Easton Rowe, 35. Nova Allen, 28.

I stare at the peeling wallpaper in the cheap motel room until my sight begins to blur. When I blink, my eyes sting, so I keep them closed while a deep breath shudders from my chest.

Like a thief in the early morning hours, I ran from the place I’ve called home for the past three years. Except for a single bag of luggage, I left everything behind. I’ve heard the words “I’m sorry, it will never happen again” one too many times.

God, why did I stay so long?

In my defense, Trent wasn’t always abusive. Our first year together was good, but then he lost his job. With him being unemployed and my meager income from my part-time jobs, we struggled financially, and it brought out a mean streak in him.

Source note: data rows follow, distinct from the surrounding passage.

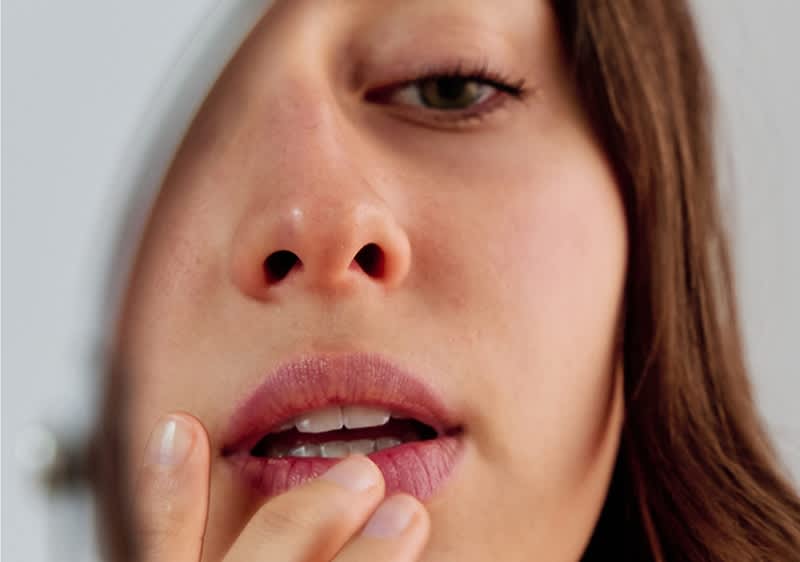 Frau mit Aphten im Mund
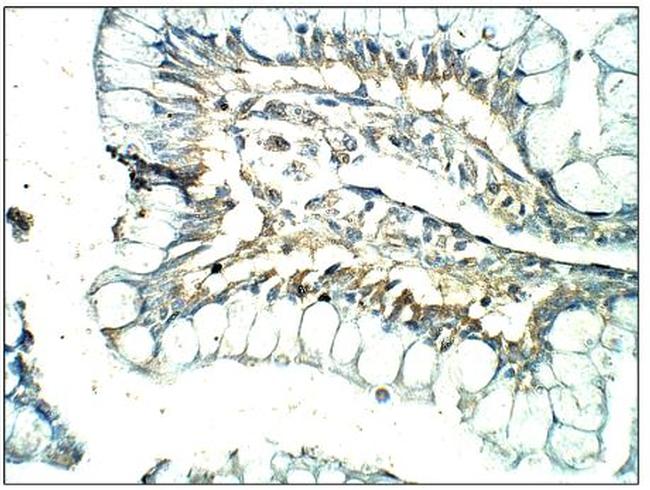 CXCR7 Antibody in Immunohistochemistry (Paraffin) (IHC (P))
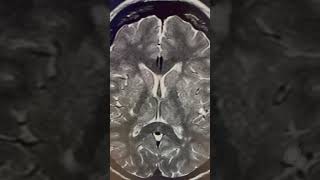 Como diferenciar infarto lacunar de espaço perivascular nos núcleos da base na ressonância de crânio [upl. by Flss824]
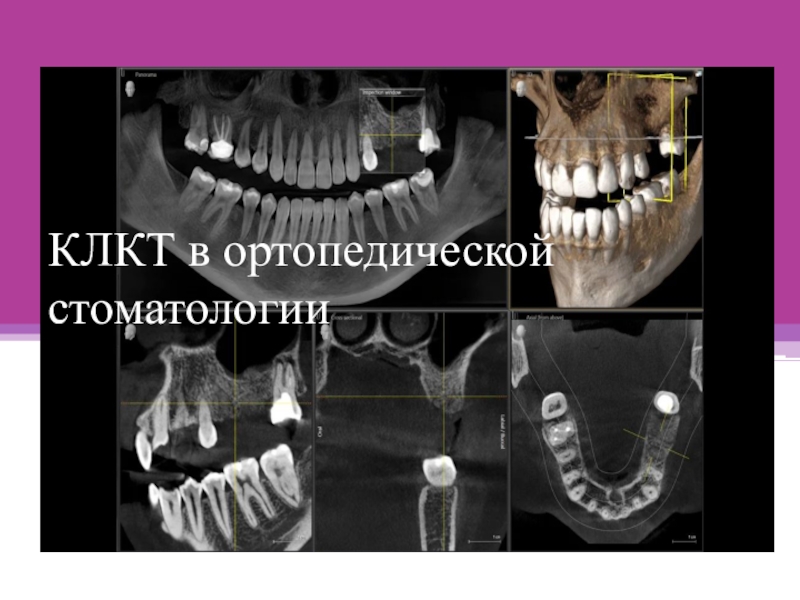 КЛКТ в ортопедической стоматологии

With the despondent thoughts milling in my head, I open my eyes and glance around the room. There’s only a bed, a TV, and a small closet. Even though everything is old, it’s clean, at least.

When I suck in another deep breath, my ribs ache from where Trent kicked me the night before, but I know from bitter experience nothing is broken.

Glancing down, I stare at the angry handprint on my bicep. Unable to stomach looking at it any longer, I get up, and grabbing a sweater out of my luggage, I quickly put it on.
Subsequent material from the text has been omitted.